The third part is provisioning, which allows services to key into pools of resources, not to specific servers.

A fourth element is telemetry, which allows policies to be set to manage the services, not the individual components.

The first parts of the N1 architecture will come out later this year as Sun introduces blade servers with N1 awareness built in, said Adam Hawley, group manager of N1 product marketing.

In a demonstration, Sun set up a service to sell books online. Instead of grabbing server and storage resources and then building the service on top of what was available, a solution provider answers a series of questions about required average lookup time, average buy time, charge back costs for the infrastructure and other service-level information. The N1 software then immediately creates a logical map of the services infrastructure and automatically provisions the service to the network.

John Murphy, executive vice president of Advanced Systems Group, a Denver-based solution provider, said N1 can cut the cost and complexity of deploying new systems,especially the manpower needed for training,which will mean more business and less need for clients to outsource the work.
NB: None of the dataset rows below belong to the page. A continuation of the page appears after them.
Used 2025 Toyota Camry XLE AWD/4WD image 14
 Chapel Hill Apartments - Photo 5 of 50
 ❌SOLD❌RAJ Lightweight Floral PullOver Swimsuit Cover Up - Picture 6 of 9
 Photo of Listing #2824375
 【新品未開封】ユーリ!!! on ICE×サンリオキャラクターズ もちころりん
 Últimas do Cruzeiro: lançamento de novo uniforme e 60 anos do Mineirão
"As a reseller, the more things that get outsourced to [IBM Global Services, the worse for us," he said. "N1 will get customers to see that, instead of outsourcing, they can get equipment from Advanced Systems Group and use Sun to move things forward faster."

The N1 system can be used to upgrade services or build services for later deployment, MacKay said. "This is all handled by the service owners," he said. "There is no need for interaction from IT."

N1 is expected to be rolled out in three phases, Hawley said. Solution providers will be able to participate in N1 from the beginning, he said.